Problem statement:
Which lines of the entries below run from the one holding "Quần Short Nữ" to the one holding "Zittau in der", inclusive? Set down exactly those lines and no others.

Entries shown:
[Start of Attachment]

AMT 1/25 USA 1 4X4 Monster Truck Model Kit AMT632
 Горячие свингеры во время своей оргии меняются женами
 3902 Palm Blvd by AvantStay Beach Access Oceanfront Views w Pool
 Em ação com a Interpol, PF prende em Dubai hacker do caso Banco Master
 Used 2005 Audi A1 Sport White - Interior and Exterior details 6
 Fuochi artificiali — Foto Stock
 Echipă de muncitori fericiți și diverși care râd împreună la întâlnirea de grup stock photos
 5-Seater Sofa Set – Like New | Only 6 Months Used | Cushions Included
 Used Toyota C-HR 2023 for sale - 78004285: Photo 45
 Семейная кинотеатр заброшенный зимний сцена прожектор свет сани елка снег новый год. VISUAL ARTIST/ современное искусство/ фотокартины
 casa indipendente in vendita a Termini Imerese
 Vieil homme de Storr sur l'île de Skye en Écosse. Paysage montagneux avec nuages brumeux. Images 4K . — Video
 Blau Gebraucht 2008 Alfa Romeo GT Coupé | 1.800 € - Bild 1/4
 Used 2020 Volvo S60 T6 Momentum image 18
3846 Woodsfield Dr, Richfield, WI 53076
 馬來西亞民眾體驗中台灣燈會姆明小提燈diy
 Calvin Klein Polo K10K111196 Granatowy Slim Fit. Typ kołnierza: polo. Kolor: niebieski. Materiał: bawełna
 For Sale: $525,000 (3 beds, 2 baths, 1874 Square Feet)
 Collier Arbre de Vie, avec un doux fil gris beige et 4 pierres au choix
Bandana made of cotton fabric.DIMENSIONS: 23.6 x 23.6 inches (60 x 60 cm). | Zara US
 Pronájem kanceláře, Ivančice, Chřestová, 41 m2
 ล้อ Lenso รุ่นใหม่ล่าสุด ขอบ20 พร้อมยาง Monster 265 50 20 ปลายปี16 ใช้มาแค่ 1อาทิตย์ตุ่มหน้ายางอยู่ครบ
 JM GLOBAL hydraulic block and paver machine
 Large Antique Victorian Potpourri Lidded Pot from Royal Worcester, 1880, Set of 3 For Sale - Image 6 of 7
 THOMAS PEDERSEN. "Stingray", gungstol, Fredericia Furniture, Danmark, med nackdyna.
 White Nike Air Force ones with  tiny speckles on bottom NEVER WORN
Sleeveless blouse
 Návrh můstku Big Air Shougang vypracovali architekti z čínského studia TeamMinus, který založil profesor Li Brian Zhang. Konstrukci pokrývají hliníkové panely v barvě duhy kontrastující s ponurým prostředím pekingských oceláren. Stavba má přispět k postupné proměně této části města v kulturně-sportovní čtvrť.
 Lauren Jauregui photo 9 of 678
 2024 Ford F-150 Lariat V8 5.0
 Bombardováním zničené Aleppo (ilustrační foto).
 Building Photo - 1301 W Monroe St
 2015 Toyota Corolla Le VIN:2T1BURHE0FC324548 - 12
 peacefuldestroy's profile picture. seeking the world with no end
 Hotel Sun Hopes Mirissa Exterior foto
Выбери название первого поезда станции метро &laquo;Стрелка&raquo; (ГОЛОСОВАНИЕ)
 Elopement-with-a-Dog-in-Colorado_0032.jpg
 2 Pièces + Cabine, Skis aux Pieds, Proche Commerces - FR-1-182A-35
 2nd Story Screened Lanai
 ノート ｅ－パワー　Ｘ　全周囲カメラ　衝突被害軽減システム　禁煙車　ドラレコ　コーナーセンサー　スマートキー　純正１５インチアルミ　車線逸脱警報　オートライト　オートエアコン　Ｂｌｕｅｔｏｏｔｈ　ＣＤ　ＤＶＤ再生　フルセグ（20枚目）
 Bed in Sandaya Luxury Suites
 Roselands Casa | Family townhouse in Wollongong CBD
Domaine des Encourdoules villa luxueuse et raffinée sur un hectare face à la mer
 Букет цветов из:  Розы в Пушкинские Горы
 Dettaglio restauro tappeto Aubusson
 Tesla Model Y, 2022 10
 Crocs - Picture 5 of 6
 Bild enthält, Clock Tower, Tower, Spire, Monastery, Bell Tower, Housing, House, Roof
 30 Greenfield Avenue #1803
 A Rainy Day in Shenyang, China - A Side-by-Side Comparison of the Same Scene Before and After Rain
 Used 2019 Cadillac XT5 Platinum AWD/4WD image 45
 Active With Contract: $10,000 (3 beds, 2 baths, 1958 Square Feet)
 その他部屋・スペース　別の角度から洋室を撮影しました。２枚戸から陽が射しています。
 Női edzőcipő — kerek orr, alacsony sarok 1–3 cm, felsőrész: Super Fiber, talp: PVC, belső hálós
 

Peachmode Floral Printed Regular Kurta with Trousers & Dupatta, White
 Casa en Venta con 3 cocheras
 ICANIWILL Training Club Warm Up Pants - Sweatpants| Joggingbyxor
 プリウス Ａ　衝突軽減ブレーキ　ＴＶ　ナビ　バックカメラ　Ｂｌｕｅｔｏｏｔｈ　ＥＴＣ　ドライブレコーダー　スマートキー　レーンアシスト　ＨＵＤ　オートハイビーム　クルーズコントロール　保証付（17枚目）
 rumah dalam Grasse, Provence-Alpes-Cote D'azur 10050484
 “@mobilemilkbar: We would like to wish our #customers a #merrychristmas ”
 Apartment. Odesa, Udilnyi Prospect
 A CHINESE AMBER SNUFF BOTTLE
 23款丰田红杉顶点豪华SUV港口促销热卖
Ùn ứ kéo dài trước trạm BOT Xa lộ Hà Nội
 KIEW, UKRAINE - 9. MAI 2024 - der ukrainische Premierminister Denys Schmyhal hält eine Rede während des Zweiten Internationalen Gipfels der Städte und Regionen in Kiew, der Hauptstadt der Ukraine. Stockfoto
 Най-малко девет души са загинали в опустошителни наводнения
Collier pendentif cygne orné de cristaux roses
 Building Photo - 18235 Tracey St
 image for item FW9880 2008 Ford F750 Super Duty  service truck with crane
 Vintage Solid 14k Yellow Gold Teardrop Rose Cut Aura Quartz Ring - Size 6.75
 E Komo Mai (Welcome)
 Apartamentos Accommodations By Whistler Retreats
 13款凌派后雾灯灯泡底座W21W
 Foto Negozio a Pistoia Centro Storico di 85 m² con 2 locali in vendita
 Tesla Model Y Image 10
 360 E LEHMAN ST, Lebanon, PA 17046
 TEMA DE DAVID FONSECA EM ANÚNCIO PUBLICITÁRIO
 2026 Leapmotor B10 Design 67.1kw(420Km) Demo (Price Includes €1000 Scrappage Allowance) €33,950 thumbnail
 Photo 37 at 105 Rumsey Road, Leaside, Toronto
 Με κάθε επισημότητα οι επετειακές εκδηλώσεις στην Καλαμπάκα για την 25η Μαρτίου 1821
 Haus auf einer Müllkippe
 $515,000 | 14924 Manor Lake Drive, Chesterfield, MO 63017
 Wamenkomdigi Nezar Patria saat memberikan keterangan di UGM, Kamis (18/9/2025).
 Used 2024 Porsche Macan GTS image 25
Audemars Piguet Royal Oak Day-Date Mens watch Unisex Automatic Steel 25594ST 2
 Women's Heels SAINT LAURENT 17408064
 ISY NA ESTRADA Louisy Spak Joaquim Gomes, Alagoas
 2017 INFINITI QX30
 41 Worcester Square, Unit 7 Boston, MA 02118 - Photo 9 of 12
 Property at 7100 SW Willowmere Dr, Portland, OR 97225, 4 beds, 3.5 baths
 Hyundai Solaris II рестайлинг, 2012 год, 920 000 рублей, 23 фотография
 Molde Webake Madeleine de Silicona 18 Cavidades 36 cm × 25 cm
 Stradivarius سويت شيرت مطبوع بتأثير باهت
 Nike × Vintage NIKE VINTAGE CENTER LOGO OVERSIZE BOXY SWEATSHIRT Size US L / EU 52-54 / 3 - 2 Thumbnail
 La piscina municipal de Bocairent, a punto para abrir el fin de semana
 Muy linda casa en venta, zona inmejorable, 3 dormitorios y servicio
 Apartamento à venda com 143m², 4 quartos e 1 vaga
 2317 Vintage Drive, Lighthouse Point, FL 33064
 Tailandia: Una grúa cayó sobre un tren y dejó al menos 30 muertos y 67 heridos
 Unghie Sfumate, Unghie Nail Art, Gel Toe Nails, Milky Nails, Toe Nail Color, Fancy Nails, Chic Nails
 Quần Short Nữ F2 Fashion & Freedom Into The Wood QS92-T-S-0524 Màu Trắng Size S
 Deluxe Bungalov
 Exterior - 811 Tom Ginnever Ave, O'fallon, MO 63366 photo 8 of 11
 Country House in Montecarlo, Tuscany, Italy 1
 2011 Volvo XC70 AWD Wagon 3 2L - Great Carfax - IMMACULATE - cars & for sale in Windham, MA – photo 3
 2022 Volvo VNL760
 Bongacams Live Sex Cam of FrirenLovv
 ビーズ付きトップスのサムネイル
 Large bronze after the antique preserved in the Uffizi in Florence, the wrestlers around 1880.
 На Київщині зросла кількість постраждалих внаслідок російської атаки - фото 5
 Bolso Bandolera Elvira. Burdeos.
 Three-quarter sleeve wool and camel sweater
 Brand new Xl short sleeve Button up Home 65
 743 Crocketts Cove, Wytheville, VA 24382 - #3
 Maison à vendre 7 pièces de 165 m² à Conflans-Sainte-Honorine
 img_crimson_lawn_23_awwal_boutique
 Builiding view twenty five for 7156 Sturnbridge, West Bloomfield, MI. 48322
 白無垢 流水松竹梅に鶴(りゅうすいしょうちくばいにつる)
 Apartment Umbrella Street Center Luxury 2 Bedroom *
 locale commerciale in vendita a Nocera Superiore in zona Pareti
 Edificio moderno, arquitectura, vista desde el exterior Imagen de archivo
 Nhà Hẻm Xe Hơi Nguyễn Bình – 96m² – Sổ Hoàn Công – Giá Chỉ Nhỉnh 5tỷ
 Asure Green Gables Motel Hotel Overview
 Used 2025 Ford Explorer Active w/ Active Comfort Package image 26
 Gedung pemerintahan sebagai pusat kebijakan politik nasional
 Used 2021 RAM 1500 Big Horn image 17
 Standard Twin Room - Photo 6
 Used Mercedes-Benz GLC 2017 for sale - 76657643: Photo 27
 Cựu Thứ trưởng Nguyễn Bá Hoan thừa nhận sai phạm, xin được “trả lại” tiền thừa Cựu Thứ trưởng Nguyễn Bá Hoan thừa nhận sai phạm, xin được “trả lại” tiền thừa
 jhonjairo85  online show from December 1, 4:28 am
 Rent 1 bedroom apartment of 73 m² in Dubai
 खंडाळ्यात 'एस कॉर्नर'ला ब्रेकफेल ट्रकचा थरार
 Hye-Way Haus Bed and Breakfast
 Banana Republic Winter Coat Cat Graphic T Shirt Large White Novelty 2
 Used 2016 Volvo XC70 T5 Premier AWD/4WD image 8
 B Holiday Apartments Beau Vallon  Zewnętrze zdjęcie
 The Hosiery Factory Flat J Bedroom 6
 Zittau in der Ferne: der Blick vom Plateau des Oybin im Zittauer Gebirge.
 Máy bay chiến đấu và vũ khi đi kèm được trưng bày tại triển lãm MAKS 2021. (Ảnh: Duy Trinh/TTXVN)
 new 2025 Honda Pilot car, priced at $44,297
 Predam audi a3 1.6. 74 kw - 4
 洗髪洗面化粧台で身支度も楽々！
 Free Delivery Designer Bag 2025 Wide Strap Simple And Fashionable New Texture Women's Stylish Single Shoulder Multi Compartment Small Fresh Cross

[End of Attachment]

Exercise response:
 Quần Short Nữ F2 Fashion & Freedom Into The Wood QS92-T-S-0524 Màu Trắng Size S
 Deluxe Bungalov
 Exterior - 811 Tom Ginnever Ave, O'fallon, MO 63366 photo 8 of 11
 Country House in Montecarlo, Tuscany, Italy 1
 2011 Volvo XC70 AWD Wagon 3 2L - Great Carfax - IMMACULATE - cars & for sale in Windham, MA – photo 3
 2022 Volvo VNL760
 Bongacams Live Sex Cam of FrirenLovv
 ビーズ付きトップスのサムネイル
 Large bronze after the antique preserved in the Uffizi in Florence, the wrestlers around 1880.
 На Київщині зросла кількість постраждалих внаслідок російської атаки - фото 5
 Bolso Bandolera Elvira. Burdeos.
 Three-quarter sleeve wool and camel sweater
 Brand new Xl short sleeve Button up Home 65
 743 Crocketts Cove, Wytheville, VA 24382 - #3
 Maison à vendre 7 pièces de 165 m² à Conflans-Sainte-Honorine
 img_crimson_lawn_23_awwal_boutique
 Builiding view twenty five for 7156 Sturnbridge, West Bloomfield, MI. 48322
 白無垢 流水松竹梅に鶴(りゅうすいしょうちくばいにつる)
 Apartment Umbrella Street Center Luxury 2 Bedroom *
 locale commerciale in vendita a Nocera Superiore in zona Pareti
 Edificio moderno, arquitectura, vista desde el exterior Imagen de archivo
 Nhà Hẻm Xe Hơi Nguyễn Bình – 96m² – Sổ Hoàn Công – Giá Chỉ Nhỉnh 5tỷ
 Asure Green Gables Motel Hotel Overview
 Used 2025 Ford Explorer Active w/ Active Comfort Package image 26
 Gedung pemerintahan sebagai pusat kebijakan politik nasional
 Used 2021 RAM 1500 Big Horn image 17
 Standard Twin Room - Photo 6
 Used Mercedes-Benz GLC 2017 for sale - 76657643: Photo 27
 Cựu Thứ trưởng Nguyễn Bá Hoan thừa nhận sai phạm, xin được “trả lại” tiền thừa Cựu Thứ trưởng Nguyễn Bá Hoan thừa nhận sai phạm, xin được “trả lại” tiền thừa
 jhonjairo85  online show from December 1, 4:28 am
 Rent 1 bedroom apartment of 73 m² in Dubai
 खंडाळ्यात 'एस कॉर्नर'ला ब्रेकफेल ट्रकचा थरार
 Hye-Way Haus Bed and Breakfast
 Banana Republic Winter Coat Cat Graphic T Shirt Large White Novelty 2
 Used 2016 Volvo XC70 T5 Premier AWD/4WD image 8
 B Holiday Apartments Beau Vallon  Zewnętrze zdjęcie
 The Hosiery Factory Flat J Bedroom 6
 Zittau in der Ferne: der Blick vom Plateau des Oybin im Zittauer Gebirge.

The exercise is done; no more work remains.